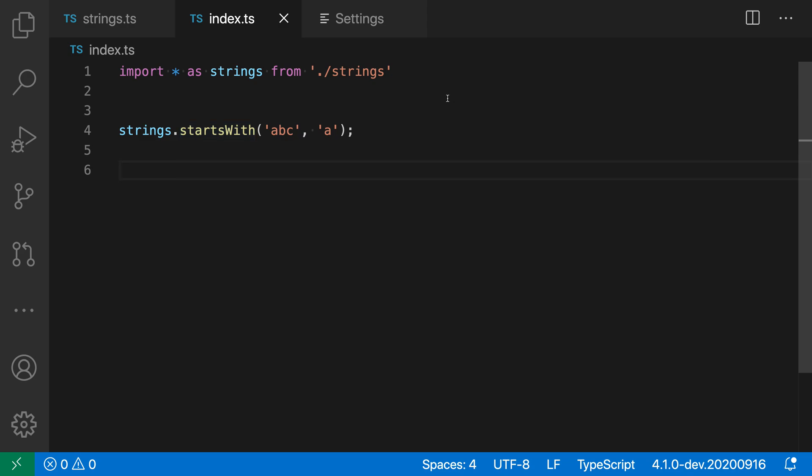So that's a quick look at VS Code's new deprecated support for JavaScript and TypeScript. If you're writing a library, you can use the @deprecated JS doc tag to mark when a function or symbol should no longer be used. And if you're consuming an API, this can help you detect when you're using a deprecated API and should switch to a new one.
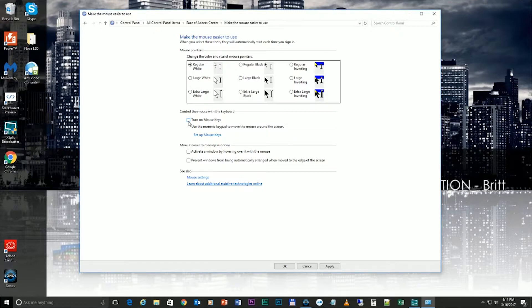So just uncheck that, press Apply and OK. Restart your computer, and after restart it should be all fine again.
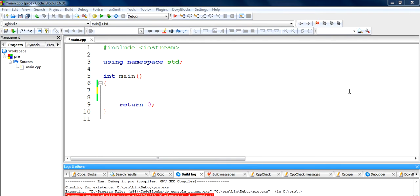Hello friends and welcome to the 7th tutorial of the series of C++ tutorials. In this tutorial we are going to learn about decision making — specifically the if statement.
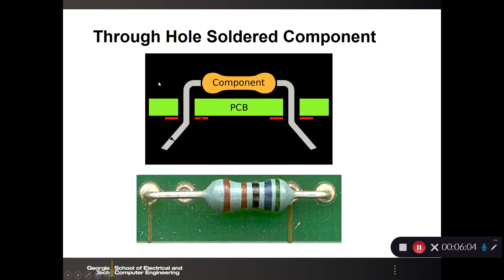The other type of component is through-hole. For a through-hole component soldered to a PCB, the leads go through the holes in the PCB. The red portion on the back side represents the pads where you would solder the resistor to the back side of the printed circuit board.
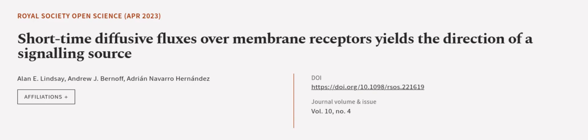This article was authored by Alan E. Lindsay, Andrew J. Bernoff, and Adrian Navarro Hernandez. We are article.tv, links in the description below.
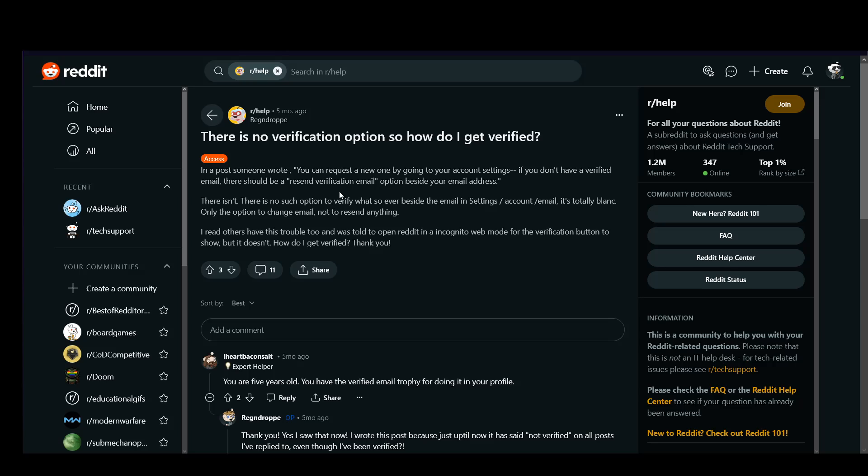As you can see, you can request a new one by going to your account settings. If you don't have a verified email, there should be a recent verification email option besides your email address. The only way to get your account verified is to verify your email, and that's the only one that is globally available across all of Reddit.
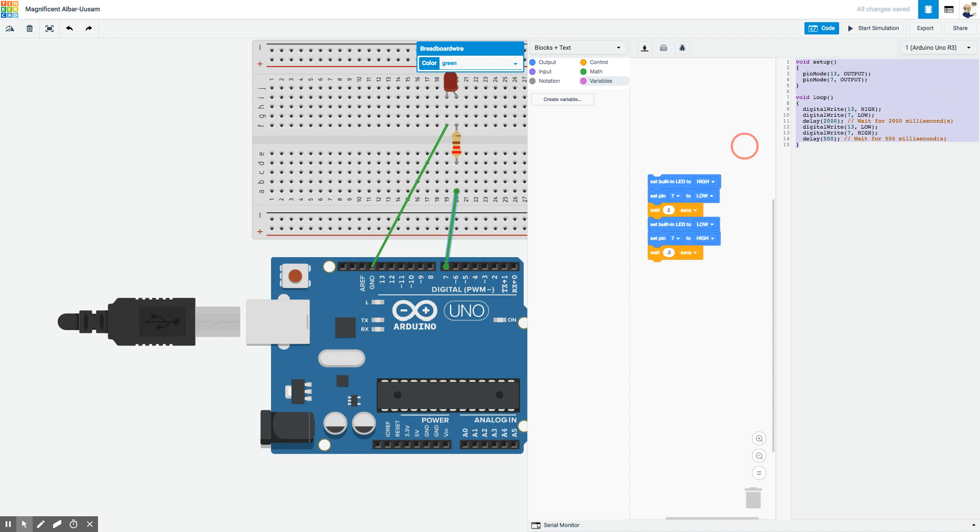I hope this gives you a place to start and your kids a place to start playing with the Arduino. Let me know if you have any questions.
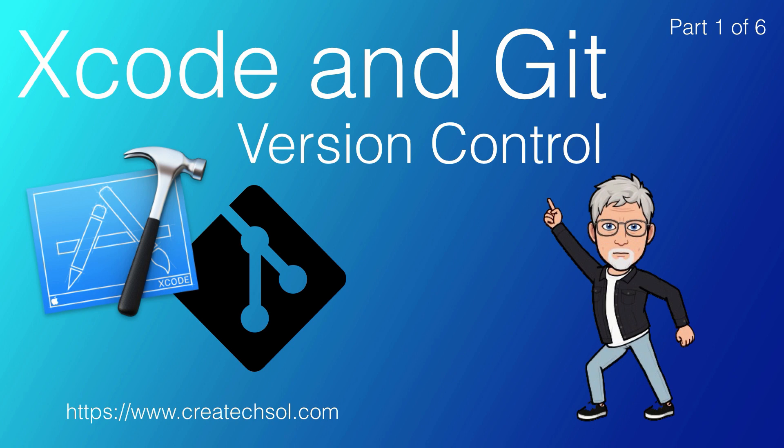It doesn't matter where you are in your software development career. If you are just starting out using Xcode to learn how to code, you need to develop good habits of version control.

WHAT NEEDS TO BE DONE —
Set down all of the material word for word, but keep each picture out.

THE ANSWER —
So that's a quick look at VS Code's new deprecated support for JavaScript and TypeScript. If you're writing a library, you can use the @deprecated JS doc tag to mark when a function or symbol should no longer be used. And if you're consuming an API, this can help you detect when you're using a deprecated API and should switch to a new one.
So just uncheck that, press Apply and OK. Restart your computer, and after restart it should be all fine again.
Hello friends and welcome to the 7th tutorial of the series of C++ tutorials. In this tutorial we are going to learn about decision making — specifically the if statement.
The other type of component is through-hole. For a through-hole component soldered to a PCB, the leads go through the holes in the PCB. The red portion on the back side represents the pads where you would solder the resistor to the back side of the printed circuit board.
This article was authored by Alan E. Lindsay, Andrew J. Bernoff, and Adrian Navarro Hernandez. We are article.tv, links in the description below.
As you can see, you can request a new one by going to your account settings. If you don't have a verified email, there should be a recent verification email option besides your email address. The only way to get your account verified is to verify your email, and that's the only one that is globally available across all of Reddit.
I hope this gives you a place to start and your kids a place to start playing with the Arduino. Let me know if you have any questions.
It doesn't matter where you are in your software development career. If you are just starting out using Xcode to learn how to code, you need to develop good habits of version control.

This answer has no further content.